While the new wage ordinance applies to establishments with 60 rooms and above, Ray Patel, owner of the 24-room Welcome Inn and president of the Northeast Los Angeles Hotel Owners Association, said the regulations would still negatively impact limited-service operators who will be forced to raise their pay rates to attract and retain housekeepers.

“We have to compete for the same labor pool, whether we have 59 rooms or are a 150 limited-service guest room hotel,” said Patel, whose organization represents limited-service hotel operators in the city of L.A. “We do not charge anywhere near the same room rates as the full-service hotels, so this places an additional hardship on our industry, which has already seen bookings go down.”

Patel added that his organization requested “a carve out of 150 guest rooms and below, which we obviously did not get.” In the city of Long Beach, limited-service hotels with fewer than 100 guest rooms are exempt from a similar wage ordinance.

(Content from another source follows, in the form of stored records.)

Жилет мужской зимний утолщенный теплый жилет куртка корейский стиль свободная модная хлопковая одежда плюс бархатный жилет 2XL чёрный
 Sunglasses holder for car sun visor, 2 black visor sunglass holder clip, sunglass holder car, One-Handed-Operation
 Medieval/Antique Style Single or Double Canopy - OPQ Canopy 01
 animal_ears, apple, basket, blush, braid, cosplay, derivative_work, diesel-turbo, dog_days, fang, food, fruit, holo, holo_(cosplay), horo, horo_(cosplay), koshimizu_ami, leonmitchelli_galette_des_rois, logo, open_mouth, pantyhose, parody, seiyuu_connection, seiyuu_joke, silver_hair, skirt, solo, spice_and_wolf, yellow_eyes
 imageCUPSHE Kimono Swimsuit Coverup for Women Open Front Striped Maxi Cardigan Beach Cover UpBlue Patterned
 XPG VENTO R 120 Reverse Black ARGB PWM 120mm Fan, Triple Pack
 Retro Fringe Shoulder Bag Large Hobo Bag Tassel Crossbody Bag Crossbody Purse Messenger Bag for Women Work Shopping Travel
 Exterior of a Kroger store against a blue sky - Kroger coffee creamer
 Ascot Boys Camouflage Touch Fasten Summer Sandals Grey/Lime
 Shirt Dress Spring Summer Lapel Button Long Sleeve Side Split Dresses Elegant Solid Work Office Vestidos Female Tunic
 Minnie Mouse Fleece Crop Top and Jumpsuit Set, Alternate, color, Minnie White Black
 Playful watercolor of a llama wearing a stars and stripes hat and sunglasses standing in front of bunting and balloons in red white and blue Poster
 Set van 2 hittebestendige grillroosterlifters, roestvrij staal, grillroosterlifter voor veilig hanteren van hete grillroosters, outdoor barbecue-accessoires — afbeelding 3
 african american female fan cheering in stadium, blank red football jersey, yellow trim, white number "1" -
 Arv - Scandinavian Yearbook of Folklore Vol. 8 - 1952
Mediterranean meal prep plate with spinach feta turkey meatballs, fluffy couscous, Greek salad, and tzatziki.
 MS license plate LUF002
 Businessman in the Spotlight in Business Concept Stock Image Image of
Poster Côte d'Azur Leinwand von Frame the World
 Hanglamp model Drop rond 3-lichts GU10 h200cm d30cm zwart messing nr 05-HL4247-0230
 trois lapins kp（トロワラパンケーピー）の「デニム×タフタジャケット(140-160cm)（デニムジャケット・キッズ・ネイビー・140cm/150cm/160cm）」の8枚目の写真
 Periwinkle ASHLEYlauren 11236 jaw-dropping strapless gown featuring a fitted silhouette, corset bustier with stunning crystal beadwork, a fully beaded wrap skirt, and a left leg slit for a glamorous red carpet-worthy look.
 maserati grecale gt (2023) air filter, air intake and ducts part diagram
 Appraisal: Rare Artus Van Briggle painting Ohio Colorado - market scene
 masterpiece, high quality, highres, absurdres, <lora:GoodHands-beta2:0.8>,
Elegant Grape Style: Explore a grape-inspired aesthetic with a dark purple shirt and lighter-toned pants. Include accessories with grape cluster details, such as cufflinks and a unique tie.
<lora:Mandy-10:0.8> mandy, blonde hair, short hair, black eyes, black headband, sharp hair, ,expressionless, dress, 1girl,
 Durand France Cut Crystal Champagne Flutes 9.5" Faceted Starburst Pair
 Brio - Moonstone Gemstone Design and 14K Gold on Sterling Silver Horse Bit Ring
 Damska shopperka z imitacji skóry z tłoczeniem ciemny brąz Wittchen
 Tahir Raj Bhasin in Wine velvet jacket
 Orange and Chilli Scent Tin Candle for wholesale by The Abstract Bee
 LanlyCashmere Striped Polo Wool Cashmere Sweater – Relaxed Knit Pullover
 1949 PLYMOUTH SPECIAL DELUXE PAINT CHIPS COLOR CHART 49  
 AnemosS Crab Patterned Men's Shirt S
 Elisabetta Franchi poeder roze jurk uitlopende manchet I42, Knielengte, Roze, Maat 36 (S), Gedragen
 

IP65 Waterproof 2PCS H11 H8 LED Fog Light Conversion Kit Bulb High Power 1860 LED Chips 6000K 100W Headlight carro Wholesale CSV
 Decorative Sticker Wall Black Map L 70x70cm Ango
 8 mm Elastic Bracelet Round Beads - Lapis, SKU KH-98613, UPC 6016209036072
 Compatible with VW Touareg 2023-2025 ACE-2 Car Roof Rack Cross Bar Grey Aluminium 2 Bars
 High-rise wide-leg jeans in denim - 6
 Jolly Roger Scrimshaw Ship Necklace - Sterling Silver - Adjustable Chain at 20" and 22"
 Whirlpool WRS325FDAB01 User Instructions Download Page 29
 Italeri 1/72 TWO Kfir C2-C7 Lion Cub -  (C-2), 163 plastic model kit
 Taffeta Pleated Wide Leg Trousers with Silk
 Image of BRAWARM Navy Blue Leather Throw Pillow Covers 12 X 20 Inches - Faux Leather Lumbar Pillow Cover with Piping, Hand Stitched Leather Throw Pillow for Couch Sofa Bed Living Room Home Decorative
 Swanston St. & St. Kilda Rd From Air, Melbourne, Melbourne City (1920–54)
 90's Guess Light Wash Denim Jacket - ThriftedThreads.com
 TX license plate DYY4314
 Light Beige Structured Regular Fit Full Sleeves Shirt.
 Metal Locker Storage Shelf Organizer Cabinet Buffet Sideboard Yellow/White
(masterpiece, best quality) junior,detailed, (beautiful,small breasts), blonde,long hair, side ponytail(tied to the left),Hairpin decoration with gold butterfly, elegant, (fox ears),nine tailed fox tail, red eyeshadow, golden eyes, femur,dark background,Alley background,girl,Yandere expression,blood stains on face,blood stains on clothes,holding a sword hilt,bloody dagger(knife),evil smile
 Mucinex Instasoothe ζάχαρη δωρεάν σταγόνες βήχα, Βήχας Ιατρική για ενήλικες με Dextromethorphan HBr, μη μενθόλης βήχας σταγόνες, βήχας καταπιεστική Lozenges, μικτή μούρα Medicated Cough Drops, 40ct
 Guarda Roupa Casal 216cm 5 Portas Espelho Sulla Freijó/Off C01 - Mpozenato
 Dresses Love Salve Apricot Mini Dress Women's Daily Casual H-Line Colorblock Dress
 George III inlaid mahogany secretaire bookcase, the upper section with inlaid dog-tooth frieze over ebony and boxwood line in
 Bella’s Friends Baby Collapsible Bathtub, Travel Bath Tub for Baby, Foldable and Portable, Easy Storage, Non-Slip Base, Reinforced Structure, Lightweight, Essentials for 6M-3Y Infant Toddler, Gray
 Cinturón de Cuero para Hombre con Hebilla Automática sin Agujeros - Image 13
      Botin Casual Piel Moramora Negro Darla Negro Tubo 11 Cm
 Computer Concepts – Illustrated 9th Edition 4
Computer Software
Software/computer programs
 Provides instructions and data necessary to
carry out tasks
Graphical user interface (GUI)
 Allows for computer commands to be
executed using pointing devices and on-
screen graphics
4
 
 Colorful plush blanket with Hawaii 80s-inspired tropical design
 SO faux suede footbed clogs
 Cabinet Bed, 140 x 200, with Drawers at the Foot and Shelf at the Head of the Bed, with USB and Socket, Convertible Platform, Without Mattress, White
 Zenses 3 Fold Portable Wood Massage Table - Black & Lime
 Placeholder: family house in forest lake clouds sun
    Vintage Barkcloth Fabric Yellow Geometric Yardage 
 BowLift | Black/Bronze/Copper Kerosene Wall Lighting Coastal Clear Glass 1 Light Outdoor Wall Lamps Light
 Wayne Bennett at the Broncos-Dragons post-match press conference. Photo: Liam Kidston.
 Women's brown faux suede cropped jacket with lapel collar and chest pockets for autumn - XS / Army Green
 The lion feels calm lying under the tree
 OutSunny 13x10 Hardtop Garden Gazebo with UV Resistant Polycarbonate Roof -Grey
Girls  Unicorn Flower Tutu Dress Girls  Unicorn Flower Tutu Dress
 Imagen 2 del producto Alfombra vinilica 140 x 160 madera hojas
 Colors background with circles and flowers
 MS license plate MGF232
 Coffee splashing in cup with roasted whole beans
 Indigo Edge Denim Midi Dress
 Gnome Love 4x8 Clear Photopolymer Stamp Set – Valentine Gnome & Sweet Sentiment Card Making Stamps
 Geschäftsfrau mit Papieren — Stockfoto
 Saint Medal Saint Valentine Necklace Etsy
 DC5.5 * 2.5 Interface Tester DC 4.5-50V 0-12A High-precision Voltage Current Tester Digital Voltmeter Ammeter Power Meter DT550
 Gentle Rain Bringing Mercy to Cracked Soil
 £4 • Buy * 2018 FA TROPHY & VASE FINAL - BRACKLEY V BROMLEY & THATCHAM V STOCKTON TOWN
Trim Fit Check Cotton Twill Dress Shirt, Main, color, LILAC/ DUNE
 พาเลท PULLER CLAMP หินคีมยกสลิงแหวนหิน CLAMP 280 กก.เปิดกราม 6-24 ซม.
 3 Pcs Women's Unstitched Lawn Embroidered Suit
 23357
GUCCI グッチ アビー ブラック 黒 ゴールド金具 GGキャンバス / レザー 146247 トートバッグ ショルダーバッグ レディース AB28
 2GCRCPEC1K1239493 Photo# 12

Many, including Patel’s establishment, have been utilizing more technology to reduce overhead – and they incorporated this option in anticipation of the citywide wage ordinance. 

The Welcome Inn, located in Eagle Rock, has a kiosk in the lobby where guests can check in and out, with the assistance of a dedicated hotel call-center employee who appears on a screen from a remote location.

“Our group is doing what it can to stay afloat as new regulations continue to make survival even more difficult,” said Patel.

Troubled waters ahead?

Though the battle over the wage ordinance may have been settled, UNITE HERE and its allies are stepping up their demands ahead of LA28, with the threat of strikes looming.

Dubbing it the “New Deal for Our Future,” it includes calls for funding 50,000 units of housing for working families, a ban on Airbnb-style, short-term rentals and “safe and dignified” treatment of immigrant communities.

They do have a strong bargaining chip as Petersen points out that dozens of UNITE HERE’s contracts with local hotels, airports and stadiums will expire in 2028 ahead of the Olympics.

“It is clear the city council is allowing UNITE HERE unchecked to weaponize organization efforts over welcoming the world visitors to the most prominent global event,” said Davis.